BT Group (BT.L), Britain’s biggest broadband and mobile provider, will cut up to 55,000 jobs including contractors by 2030 – potentially over 40% of its workforce – as it completes its fibre roll-out and adapts to new technologies such as AI.
The company has been working through a transformation plan to build a national fibre network under boss Philip Jansen, as well as rolling out high-speed 5G mobile services.
The former state monopoly reported on Thursday pro forma revenue and core earnings growth for the first time in six years in the year to the end of March, but the cost of transforming the business, and the hit to its free cash flow took a toll, sending its shares down 7% in morning trade.
Jansen said after completing the fibre roll-out, digitising the way it worked, adopting artificial intelligence (AI) and simplifying its structure, BT would rely on a much smaller workforce and significantly reduced cost base by the end of the 2020s.
“New BT Group will be a leaner business with a brighter future,” he said.

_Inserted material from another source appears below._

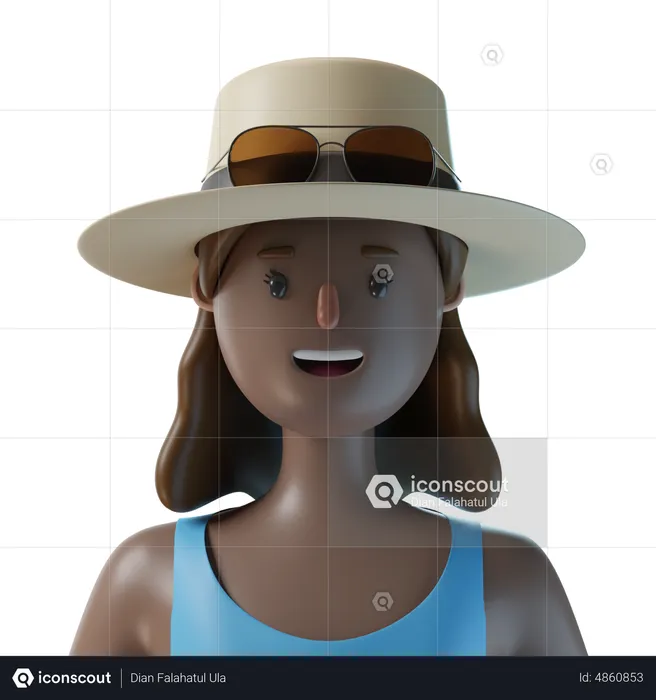 Femme touristique  3D Icon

The group’s total number of workers would reduce from 130,000 to between 75,000 and 90,000 by its 2030 financial year at the latest, it said. Some 30,000 of its current employees are contractors.
Jansen said BT’s ongoing job cuts would accelerate as it completes its fibre build and switches off 3G.
“It’s a rolling programme (of cuts), but it’s a five-to-seven-year landing zone,” he told reporters.